On the margins and small bays of the mire labyrinths, there is only a thin peat layer covering the mineral soil. Large, grey and silent spruces thrive there. This is a spruce mire, where the dominant species of the field layer is the wood horsetail (Equisetum sylvaticum) and other vascular plants, creating a magic atmosphere in the shady forest. In autumn, the cloudberries growing between the tussocks are large and yellow.
Forest in the Middle of the Mire
Olvassuo does not only have mires. The highest mineral-soil islets have been saved from the paludifying effect of the peat moss, so there are natural-state ancient woods on these spots. Many beetles that require old-growth forests as their habitat and many threatened polypore species have found a favourable habitat in these forest islets.
History of Olvassuo
Olvassuo and Man
The history of the Olvassuo area is connected to the natural forms of livelihood. The area has always been an important hunting and berry picking area for people in nearby areas. The lush riverside and mire meadows provided fodder for cattle in winter, and reindeer grazed on the mires. The remains of the meadow saunas and hay barns in different parts of Olvassuo are signs of the meadow culture period. The old tar pits by the river and brook banks are reminders of the time when foreign exportation took its first significant steps in these remote areas.
The Olvassuo area also has mires and forests that man has changed before the protection of the area was started. Restoration aims at speeding up the process of getting these areas back to their natural state. Mire ditches have been blocked and planted forests have been burned in order to allow the development of a natural-state forest. Mires have been restored especially in the southern parts of the area, i.e., in the Olvassuo proper and Leväsuo. Forest has been restored by burning the Pystönkoskenkangas area located in the Olvassuo Strict Nature Reserve.

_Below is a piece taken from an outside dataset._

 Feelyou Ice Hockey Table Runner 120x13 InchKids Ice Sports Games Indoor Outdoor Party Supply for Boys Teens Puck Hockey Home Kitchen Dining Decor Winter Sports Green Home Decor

Ancient Relics Were Found at Olvassuo
Metsähallitus surveyed the prehistoric and historic cultural heritage of the area in the summer of 2006. In the past, the local people had the right to use the bounty of nature at Olvassuo (which is located at the border of Utajärvi, Puolanka and Pudasjärvi) and in the surrounding area. The area was inhabited in the Stone Age. Proof of this was found in the discovery of depressions made by dwellings that may be up to 9,000 years old and some quartz objects.
In the historic era, Olvassuo and its surroundings were an important hunting, meadow, tar burning and logging area. The remains of tar pits, meadow barns, meadow saunas and loggers' cabins as well as a few trapping pits are signs of these former livelihoods.
The eskers in the middle of the area provided excellent travelling routes, and there are still some old, decayed duckboards left on the mires.